Selama 25 tahun terakhir, masyarakat keturunan Tionghoa dapat merayakan Tahun Baru Imlek secara bebas. Hal ini berbeda dengan kondisi sebelumnya ketika mereka tidak diizinkan merayakan perayaan keagamaan mereka karena dilarang oleh negara.
Periode ini terjadi pada tahun 1968-1998, atau saat Presiden Soeharto berkuasa. Pelarangan ini berasal dari prasangka buruk Soeharto terhadap China yang identik dengan komunisme. Jadi, dia menganggap China dan semua keturunannya berbahaya, termasuk mereka yang berada di Indonesia sejak lama.
Alhasil, Soeharto ingin orang-orang Tionghoa melakukan asimilasi dengan kebudayaan pribumi atau warga asli Indonesia. Sentimen Soeharto itu juga membuat orang Tionghoa di Indonesia dikategorikan sebagai non-pribumi.

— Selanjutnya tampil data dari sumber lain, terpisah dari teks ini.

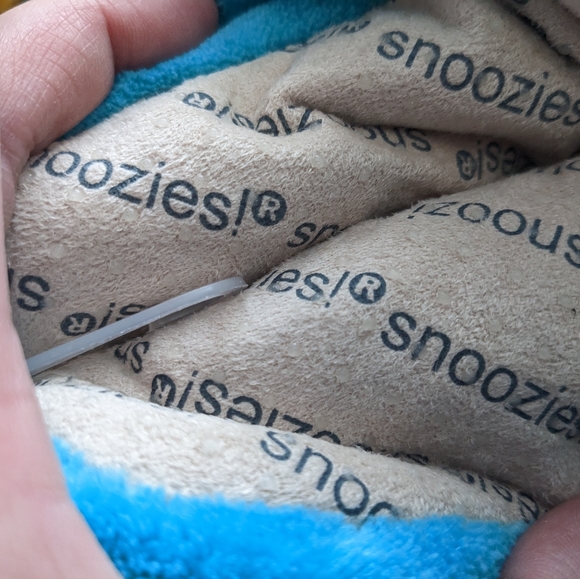 US 9/10 NWT Toddler slippers - Picture 3 of 3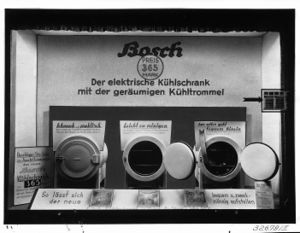 Picture of the first Bosch refrigerator in the BSH wiki.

Menurut riset yang dipaparkan oleh Amy Freedman, Soeharto menganggap kebudayaan China dapat menimbulkan pengaruh psikologis, mental, dan moral yang tidak wajar terhadap Warga Negara Indonesia.
Berdasarkan penelitian Siew-Min Sai dan Chang-Yau Hoon dalam Chinese Indonesians Reassessed (2013), Soeharto bahkan mengeluarkan Instruksi Presiden No. 14 tahun 1967 tentang Agama, Kepercayaan, dan Adat Istiadat China. Aturan tersebut melarang segala sesuatu yang berbau China bebas disuarakan di Indonesia, termasuk penggunaan bahasa Mandarin, lagu-lagu, dan perayaan Imlek.
Sosiolog Mely G Tan dalam Etnis Tionghoa di Indonesia (2008) menyebut kebijakan tersebut melanggar hak asasi mengenai ekspresi kebudayaan suatu kelompok. Dalam hal ini kebudayaan Tionghoa jelas terhapus.
Sebelum aturan itu keluar, perayaan Imlek sudah menjadi bagian dari kehidupan masyarakat Indonesia jauh sebelum Soeharto berkuasa. Namun, sejak aturan itu keluar, mereka tak lagi bisa melakukannya secara bebas. Jika ingin tetap merayakan Imlek, mereka harus melakukannya secara diam-diam tanpa diberi hari libur seperti sekarang.
Kata ‘Imlek’ sendiri lahir dan diciptakan di masa Orde Baru sebagai bentuk penyesuaian tata bahasa. Kata ‘Imlek’ hanya ada di Indonesia.
Aturan diskriminasi tersebut berakhir saat Orde Baru runtuh. Di awal reformasi, Presiden B.J Habibie dan Presiden Abdurrahman Wahid mencabut seluruh aturan diskriminasi terhadap etnis Tionghoa yang dikeluarkan Soeharto.
Setelah itu, orang Tionghoa bisa mengekspresikan kembali kebudayaannya secara bebas, termasuk perayaan Tahun Baru Imlek. Meski begitu, diskriminasi terhadap orang Tionghoa tidak serta merta hilang begitu saja karena sudah telanjur mengakar.